The present wording seeks to allow video evidence by actually mentioning video evidence.

Several commentators with experience in law have written on the correspondence. They have discussed the application of the European Convention on Human Rights (ECHR) Article 8 to decide that the decision not to proceed was taken. I believe that this is likely not the case. The application of EHCR article 8 already allows for a reduction in the rights of someone committing a criminal act in a public place and the need for authorisation.

Ludicrous though it may seem, the Craig Graham case suggests that a member of the public, who up to the point of discovering an illegal act (the setting of a pole trap) was not known to have breached any of the provisions of the Land Reform (Scotland) Act, then breached the guidance given in the Scottish Outdoor Access Code by placing a camera at the site of the illegal act, in order to provide the police with corroborating evidence of the illegality, albeit in a way which was not illegal. This breach may well have been all that was needed.

If this is the case, then the wording I have used, particularly in mentioning of video evidence is not necessary. In addition, it may be that although video evidence may be permitted in court, the same determination as was made in these cases might still be made in the future.

I could instead have said something along the lines of the Land Reform (Scotland) Act 2003 be amended by adding a subsection (4) to Section 3 “Reciprocal obligations of owners” as follows: “(4) An unlawful act by the owner or someone under his control may not, dependent on the circumstances, rely on the provisions of this Act to avoid prosecution.” This is probably not satisfactory.

A less prescriptive wording could be “(4) Whilst the provision of the Act limit the actions of individuals in exercising their rights under the Act it shall not remove the obligations of the owner and others on the land to act in a lawful manner. The provisions of the Act, depending on the circumstances, shall not be deemed to permit further unlawful acts if an unlawful act has already taken place.” This would cover the type of case where an illegal act is uncovered followed by the placing of a covert camera to discover later illegal acts, providing corroboration of the first act and any subsequent acts, but would not allow persons prospecting for illegal acts to claim that they are acting in accordance with the Act, rendering the video evidence likely inadmissible in court.

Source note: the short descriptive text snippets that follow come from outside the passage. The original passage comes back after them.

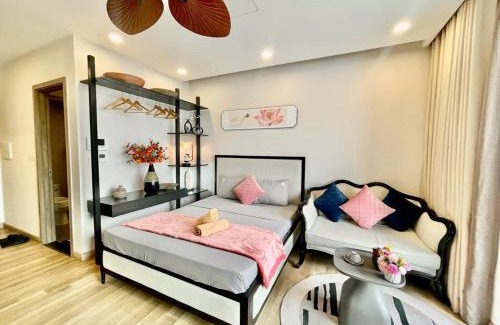 Van Giang Apartment | Welcoming House at QMP Ecopark with Pool & Hot Tub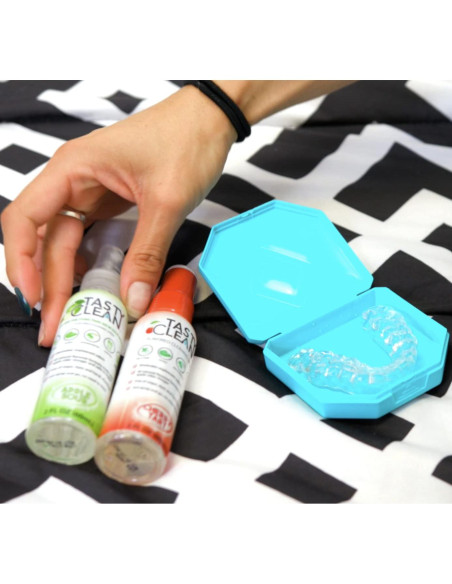 Limpiador Multiuso Tasty Clean 60ml Sabor Manzana para Dentaduras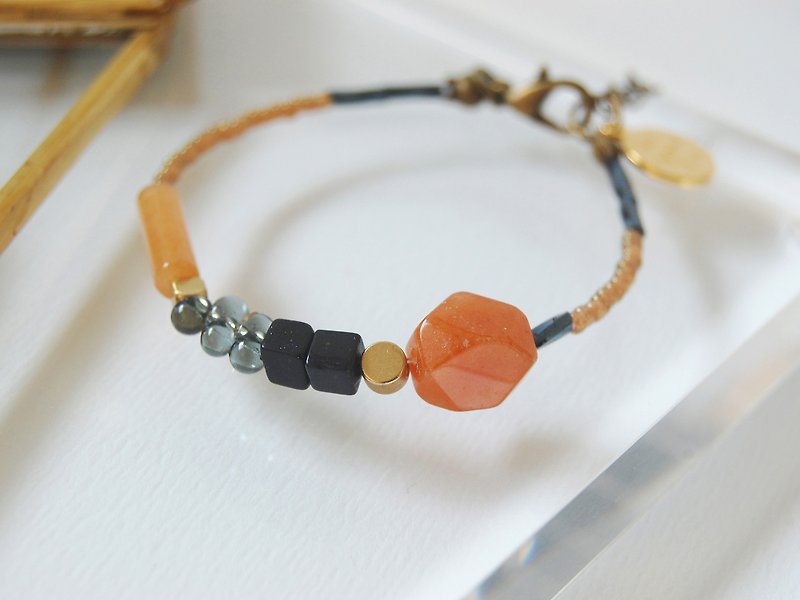 trio - Orange Crystal Gemstone Bracelet - สร้อยข้อมือ - เครื่องเพชรพลอย สีส้ม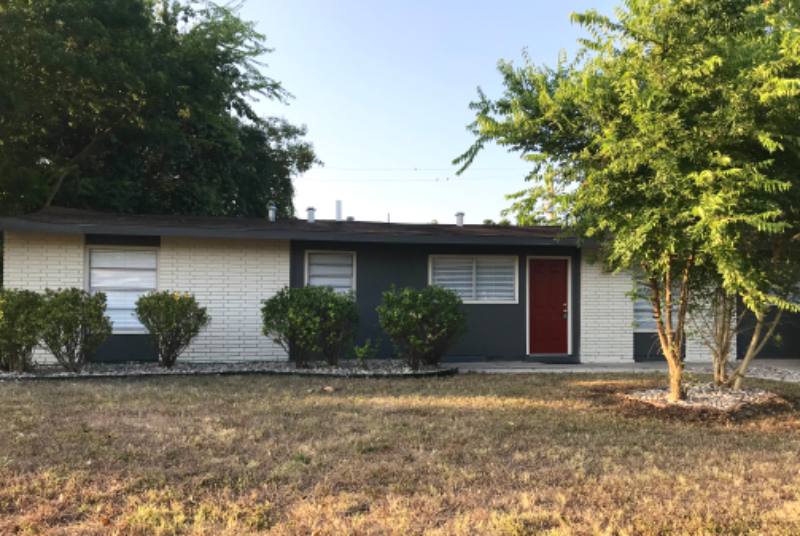 House for rent at 142 Aldrich Dr, San Antonio, TX 78227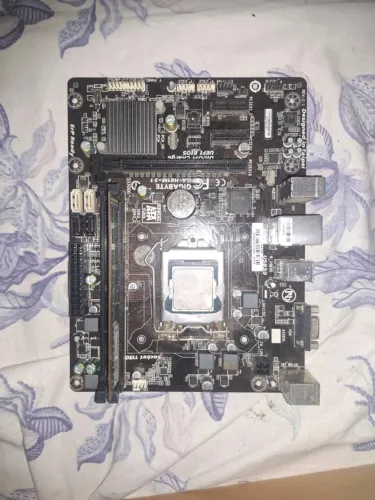 Placa mãe + Processador + 4gb de Ram ddrr3 (Funcionamento Desconhecido)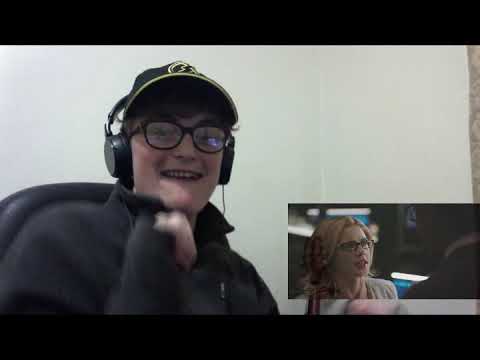 Arrow S07E22 You Have Saved This City reaction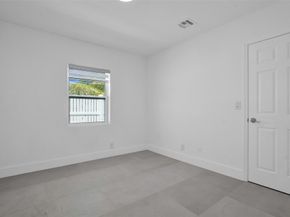 1010 N 16th Ave, Hollywood FL 33020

It is less that I might hope for but makes more sense than leaving the present situation as it is.

I would then need to rely upon the way that the EHCR Article 8 is applied to allow video evidence. I am fairly sure that it would not prevent the video evidence from reaching court, regardless of the views expressed by others.

Addition in Octber 2018. That being the case, an alternative form of wording could seeks to prevent an unlawful act by the owner or others he permits to use the land to have no more protection in a public place than that afforded by EHCR Article 8 could be developed. This could be in the section covering responsible use by the owner  : “(2(c)) The provisions of the Act shall not be presumed to permit an illegal act by the owner or others he allows to be on the land where the illegal act is committed in a public place.” This would still allow a defence of protection of privacy, but that is limited in a public place. It does not mention video evidence or the EHCR but that is not necessary. It would still require persons exercising access rights to do so in accordance with the Act, but limit the protection the correspondence appears to afford the owner and other users of the land to commit unlawful acts.

Roseanna Cunningham, MSP, the Cabinet Secretary for Environment, Climate Change and Land Reform,wrote to my MSP stating: “If Mr. Milne would like further information on these decisions, he may wish to contact COPFS directly.” I have done this, but so far have not been permitted to communicate in any meaningful way, in order that I may help establish more fully the reasoning of the decisions. Although I could not expect COPFS to comment on my proposed wording, as that is a function of the Scottish government and parliament, I do need a greater understanding of the decisions to decide upon the form of wording I propose in the petition.